AIM OF THE EXERCISE —
Go through the material and copy every line in which "Casa" appears.

EXCERPTED RECORDS —
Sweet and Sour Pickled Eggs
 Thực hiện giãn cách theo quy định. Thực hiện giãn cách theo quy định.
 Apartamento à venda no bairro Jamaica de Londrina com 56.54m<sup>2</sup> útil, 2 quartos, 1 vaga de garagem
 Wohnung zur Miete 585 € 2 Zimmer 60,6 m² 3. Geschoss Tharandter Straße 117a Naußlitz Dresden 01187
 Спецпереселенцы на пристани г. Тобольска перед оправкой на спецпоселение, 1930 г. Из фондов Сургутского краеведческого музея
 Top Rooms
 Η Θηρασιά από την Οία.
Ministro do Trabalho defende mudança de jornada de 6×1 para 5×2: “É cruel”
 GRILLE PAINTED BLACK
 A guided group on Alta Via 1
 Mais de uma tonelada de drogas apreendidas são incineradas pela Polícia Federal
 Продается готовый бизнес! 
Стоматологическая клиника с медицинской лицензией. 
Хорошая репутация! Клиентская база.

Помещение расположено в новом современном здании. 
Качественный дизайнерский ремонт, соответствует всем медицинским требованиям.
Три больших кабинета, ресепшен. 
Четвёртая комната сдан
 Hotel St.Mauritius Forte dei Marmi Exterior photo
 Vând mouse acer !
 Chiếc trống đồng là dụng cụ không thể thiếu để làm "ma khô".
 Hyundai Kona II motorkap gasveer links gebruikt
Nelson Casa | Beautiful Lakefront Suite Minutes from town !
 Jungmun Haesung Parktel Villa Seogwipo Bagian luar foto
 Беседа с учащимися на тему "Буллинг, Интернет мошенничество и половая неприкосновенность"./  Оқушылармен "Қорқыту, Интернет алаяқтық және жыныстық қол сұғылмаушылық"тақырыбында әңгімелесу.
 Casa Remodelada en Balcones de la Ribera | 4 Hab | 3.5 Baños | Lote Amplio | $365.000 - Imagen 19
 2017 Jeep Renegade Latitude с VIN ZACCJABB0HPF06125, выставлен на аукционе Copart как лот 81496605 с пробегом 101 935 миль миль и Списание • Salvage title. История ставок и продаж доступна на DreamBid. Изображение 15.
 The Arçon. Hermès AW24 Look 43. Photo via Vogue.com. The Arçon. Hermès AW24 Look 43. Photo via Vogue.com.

ANSWER SPACE —
Nelson Casa | Beautiful Lakefront Suite Minutes from town !
 Casa Remodelada en Balcones de la Ribera | 4 Hab | 3.5 Baños | Lote Amplio | $365.000 - Imagen 19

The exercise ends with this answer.